Hey, I'm booked for bonchester, Lanark, crayling and Edinburgh !
which ones did you do? I paid all my deposits of £50 so I only have the balances to pay..
i am riding Clyde from lasswade, I've ridden him before and will have a few hacks on him before the rides.


----------



## Lauren0210 (17 January 2014)

Ha ha! I'll remember the Vaseline !!

I will do my best to avoid bums! But watching the videos it looks some what impossible at times!!! 

Cheers!


----------



## Roasted Chestnuts (17 January 2014)

Lauren0210 said:



			Ha ha! I'll remember the Vaseline !!

I will do my best to avoid bums! But watching the videos it looks some what impossible at times!!! 

Cheers!
		
Click to expand...

Take yourself out to the side, my last wee mare would double barrel anyone up her bum and wore a ribbon. If you see red stay back. I had my shin broken with a lovely compound fracture because a horse freaked at a bottle neck reversed and lashed out. I wasn't even close to the horse but due to its rapid backwards movement I had no reaction time.

Just so as you know as having been on both ends and been doing the rides for about 7 years I've been there and seen it 

Have fun


----------



## Jenni_ (17 January 2014)

Well jealous! Haven't done one in years and now don't have my own. I could hire but none of my friends seem to be doing any this year 

If you can stash a bottle of juice/ water. or take a hipflask  

If its a warm day- if you're wearing a jacket try and make sure your shirt is sleeveless or you'll melt!


----------



## Lauren0210 (17 January 2014)

Christmas Kia said:



			Take yourself out to the side, my last wee mare would double barrel anyone up her bum and wore a ribbon. If you see red stay back. I had my shin broken with a lovely compound fracture because a horse freaked at a bottle neck reversed and lashed out. I wasn't even close to the horse but due to its rapid backwards movement I had no reaction time.
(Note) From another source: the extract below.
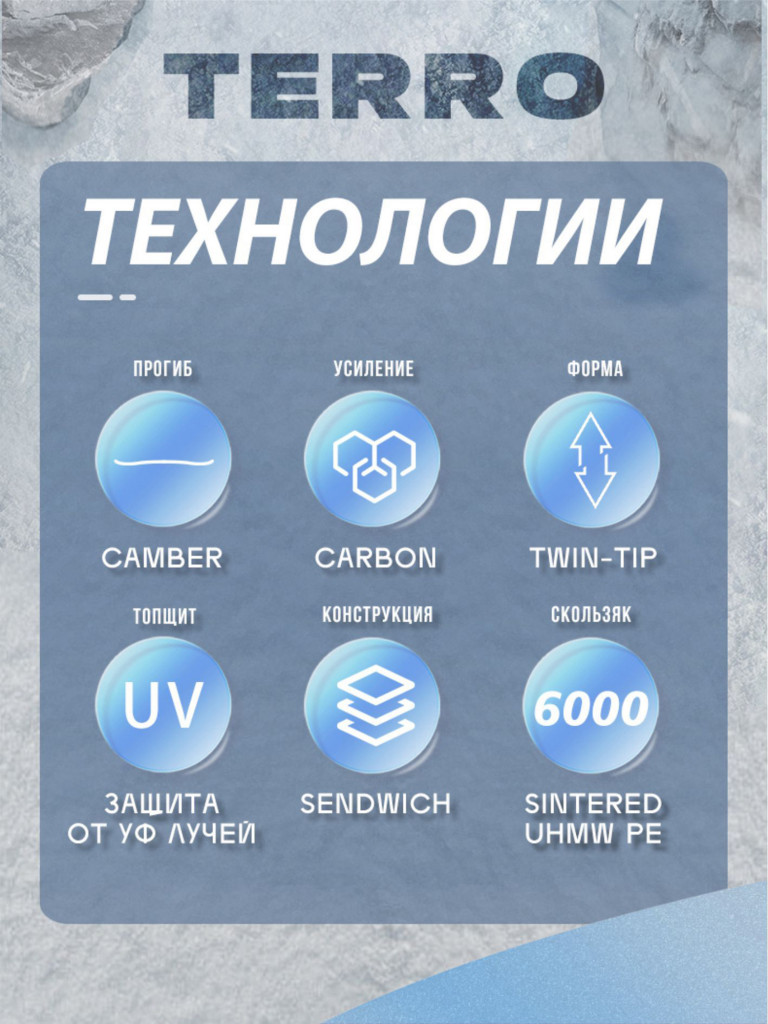 Сноуборд TERRO - GELIUM 24/25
Just so as you know as having been on both ends and been doing the rides for about 7 years I've been there and seen it 

Have fun 

Click to expand...

i will take heed... Thanks for the advice, I will definitely use it, did you ever do Bonchester at all, or crayling?


----------



## Lauren0210 (17 January 2014)

Jenni_ said:



			Well jealous! Haven't done one in years and now don't have my own. I could hire but none of my friends seem to be doing any this year 

If you can stash a bottle of juice/ water. or take a hipflask  

If its a warm day- if you're wearing a jacket try and make sure your shirt is sleeveless or you'll melt!
		
Click to expand...

I think we are going to try and get a saddle flask, very expensive though!
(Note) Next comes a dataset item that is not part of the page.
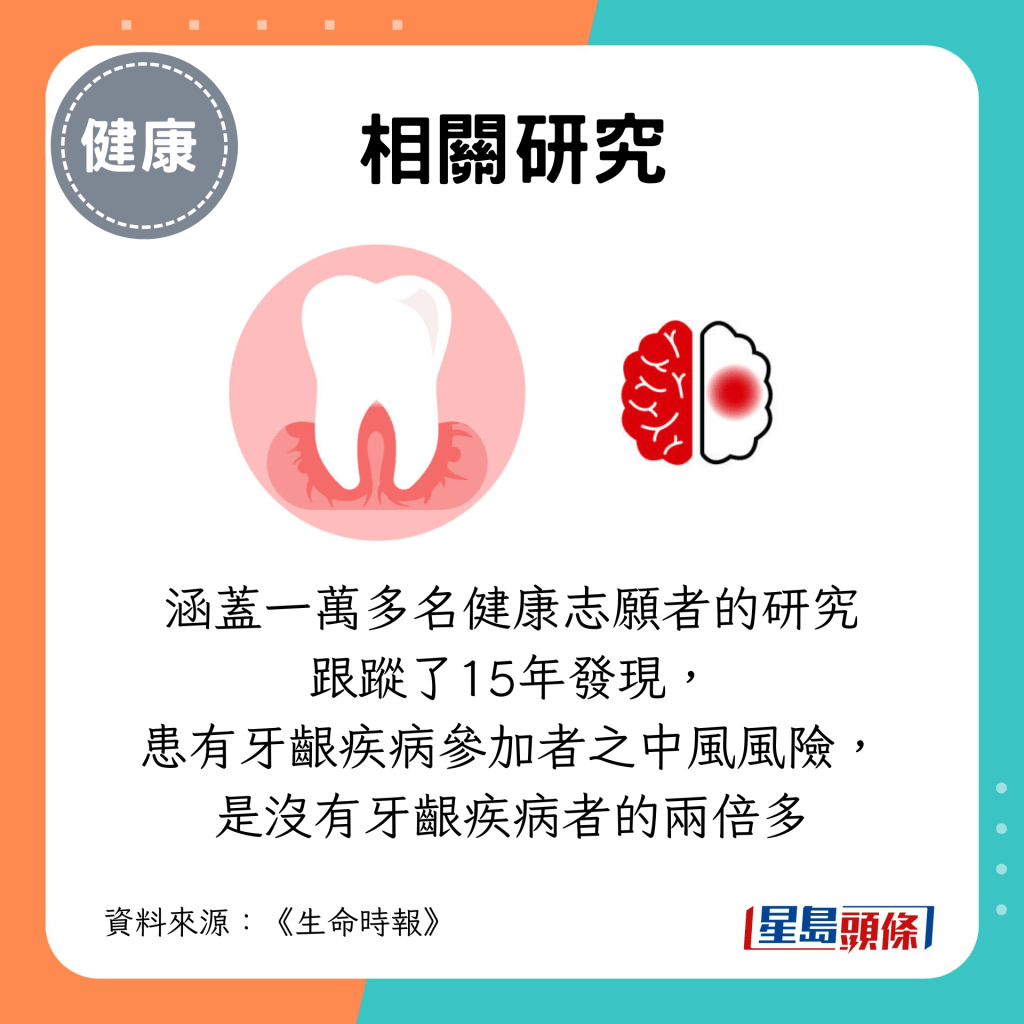 涵盖一万多名健康志愿者的研究跟踪了15年发现, 患有牙龈疾病参加者之中风风险, 是没有牙龈疾病者的两倍多 涵盖一万多名健康志愿者的研究跟踪了15年发现, 患有牙龈疾病参加者之中风风险, 是没有牙龈疾病者的两倍多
Thanks re short sleeve shirt, I will make sure I get one.

You should come along, my friend Ged and I are doing Lanark, bonchester, crayling and Edinburgh.  We are hiring from lasswade, and will be going a hack on 8th February at lasswade to get ready for it and a couple more after that!

If you fancy joining us feel free to get in touch, my email is mckinlaylauren@yahoo.com.


----------



## Kallibear (17 January 2014)

We'll prob see you on Lanark and Edinburgh. 

Wear comfortable pants that aren't going to rub. And a decent bra with straps that don't fall down (most irritating! ).

Stay back from other horses and don't assume they're not kicked just because they've not got red ribbons ( I know quite a a few kickers in RS who don't have ribbons).

I prefer to either be right at the front,  or right at the back, where there's space. I'm on my own horses thought, so I don't want them falling down unnoticed holes etc.

Think of your horse. The poor animal does 6+ hrs of hard fast riding (often with open saddle sores) and doesn't need you sitting on it over the stops.and breaks (plenty people do ). They're often tired stiff and sore and not interested in the racing either.

Wear suncream and a short sleeved shirt if it's hot! And a waterproof jacket if it's wet.  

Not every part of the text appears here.